Funny things happen when you find entrepreneurs you really want to work with. Rules/guideposts have a tendency to change. We often talk about not investing in pre-revenue companies, but sure enough one of our first deals out of the fund was pre-revenue. Granted, we’ve known the CEO for years and he has made us money before, but still. We often talk about only doing deals where we price the round and set terms, but then an entrepreneur really wants to do a different structure, so recently we completed our first investment in a SAFE using the ycombinator guidelines.

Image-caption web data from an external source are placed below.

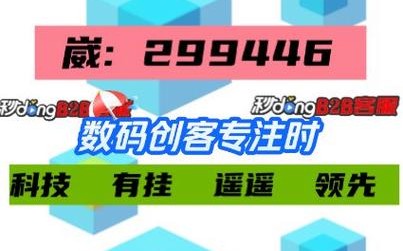 终于找到
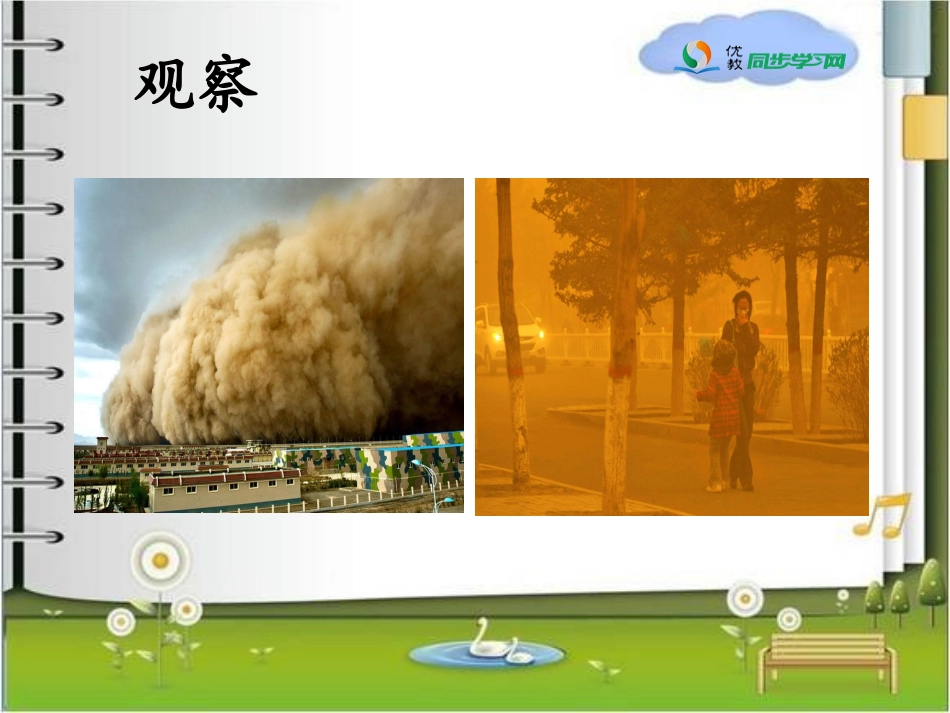 《__沙尘暴》参考课件_第2页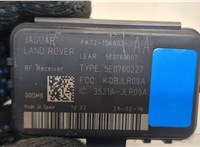  Блок управления центральным замком Land Rover Discovery Sport 2014- 20504638 #3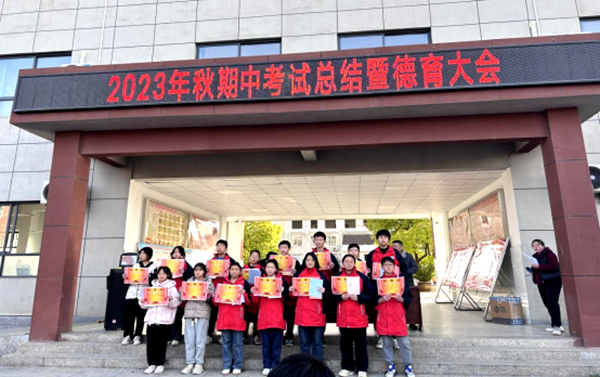 石堰河中学举行期中总结暨表彰大会
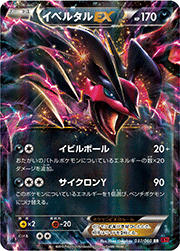 イベルタルEX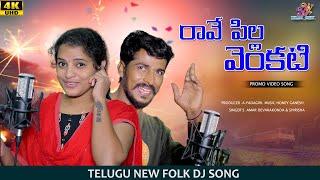 RAVE PILLA VENKATI PROMO #shirisha #AmarDevarakonda #HoneyGanesh #BanjaraVideos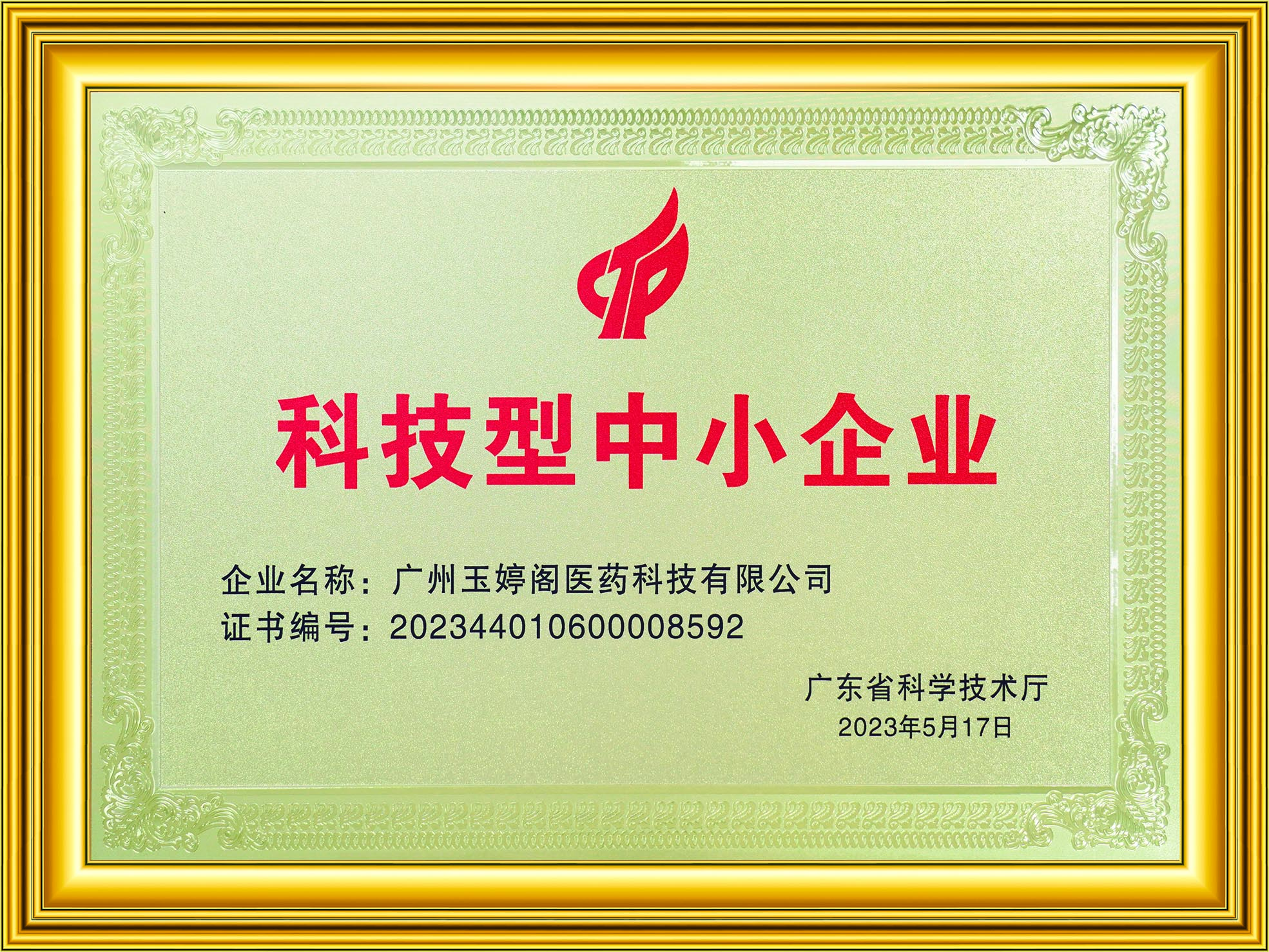 榮譽牌匾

To be fair, a SAFE isn’t some wild structure and we certainly aren’t the first investor to use it. You should read through the YC site if you want details, but at the highest level a SAFE is like a convertible note without the debt component. At the investment date we provided a capital amount and received a contract for a right to future shares. No interest rate, no term. If the company raises a VC round in the future, our money will convert at the lower of the valuation that was set in our contract and that set in future VC round. If the company has a liquidity event before ever raising capital again, we choose the greater of our initial investment amount or the amount we would have received if our money converted at the valuation set in our initial contract (just like convertible preferred equity). The one scenario not covered is if the company never raises, and never has a liquidity event, but that would be an issue pretty much no matter how you structure a deal. All other terms are essentially punted to the next financing as we will share whatever provisions the new VC investors ask for.

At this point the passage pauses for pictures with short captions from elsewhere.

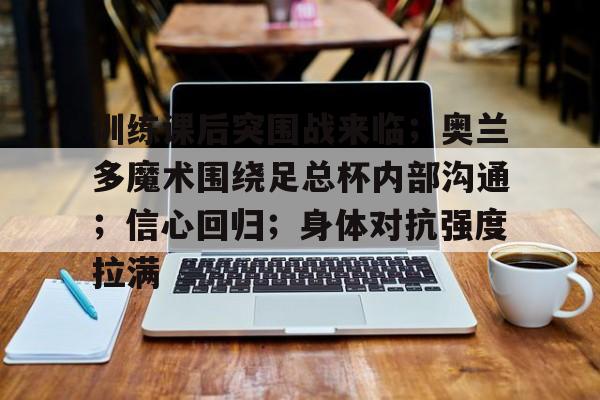 雷速体育- 足坛30个史诗级绝杀 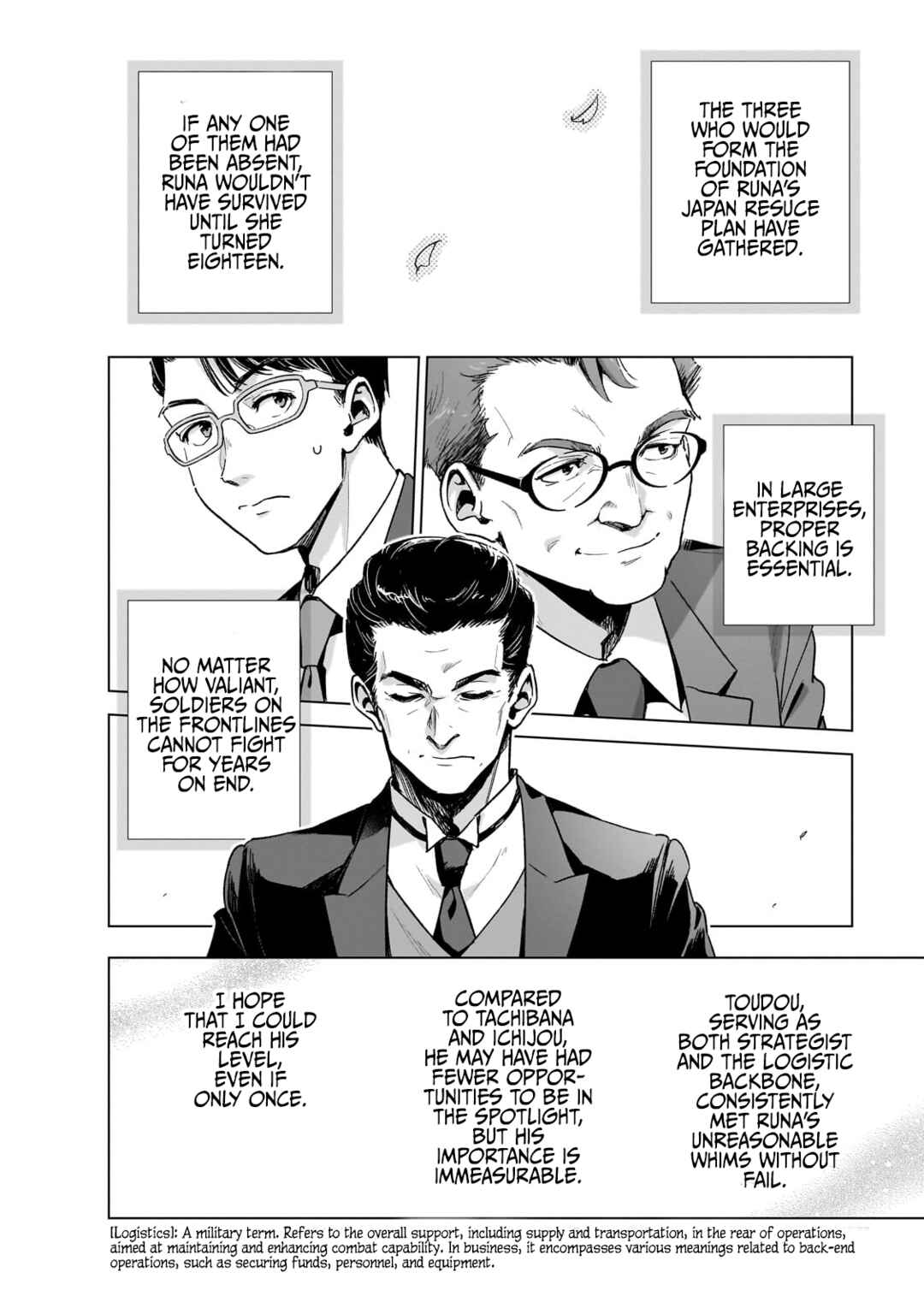 Page 24 Chapter 17 Gendai Shakai de Otome Game no Akuyaku Reijou wo Suru no wa Chotto Taihen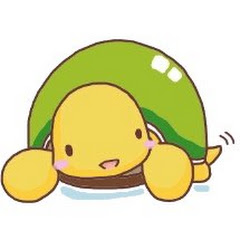 リクガメ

The primary benefits of a SAFE to founders are speed (there is not much to negotiate other than the valuation-cap) and low legal fees. In our case, when the founders approached us about doing a SAFE, I was initially hesitant because I thought a priced deal with set terms could still get done fairly quickly and I believe that terms we lead with set a good precedent for future VC financings. I ended up doing it because my hesitation was outweighed by both me wanting to try something new and wanting to make the deal smooth for the founders.

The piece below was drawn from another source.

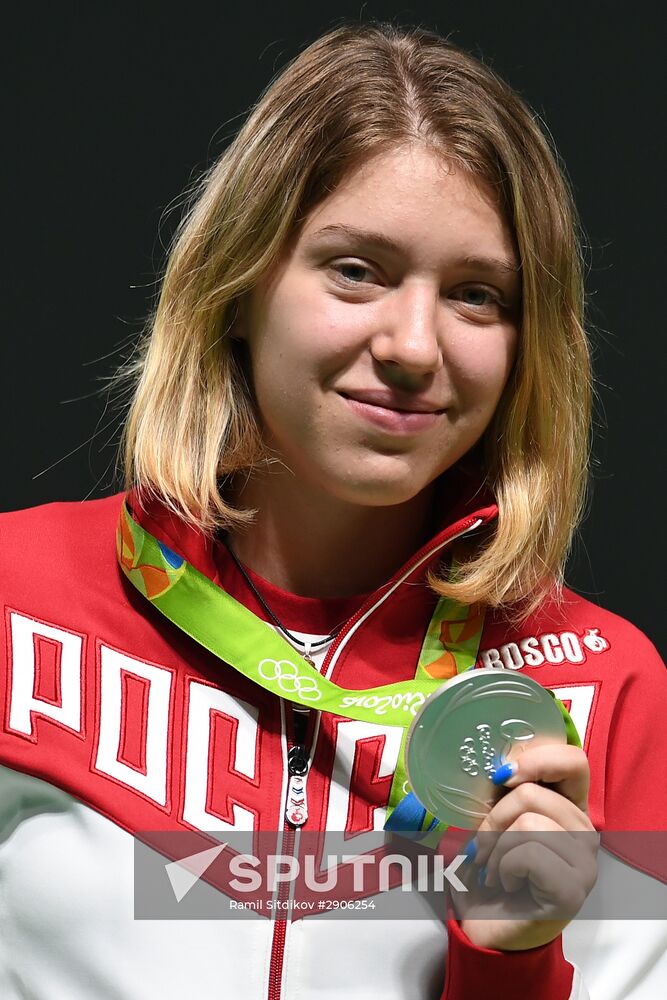 2016 Summer Olympics. Shooting sport. Women's trap and air pistol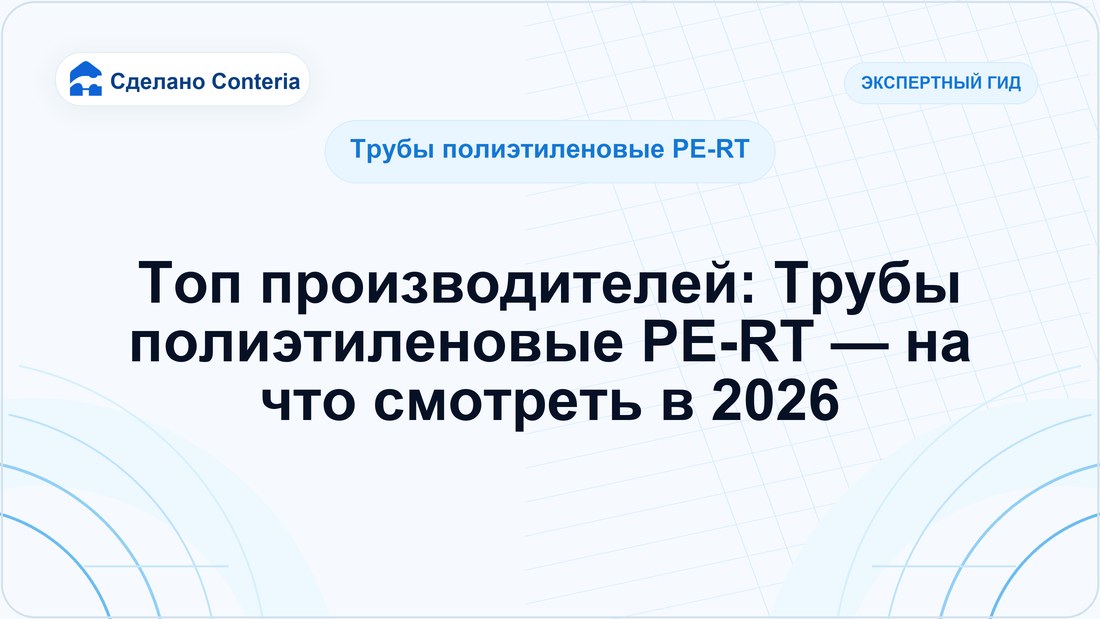 Топ производителей: Трубы полиэтиленовые PE-RT — на что смотреть в 2026 (Трубы полиэтиленовые PE-RT)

Having now gone through the process, I’d still prefer to price and set terms in a round to avoid any chance of ambiguity down the road, but I can’t deny how efficient the SAFE is. It literally took just a few business days to negotiate terms, sign the docs and wire the cash. It probably saved 45 days and $25K in fees. 45 days may not seem like a lot, but when you’re pushing hard on near-term milestones, its material.
I’m hopeful the structure will hold over time as the company contemplates future financings, and if it doesn’t, I will have learned and it’ll just be good fodder for another blog post.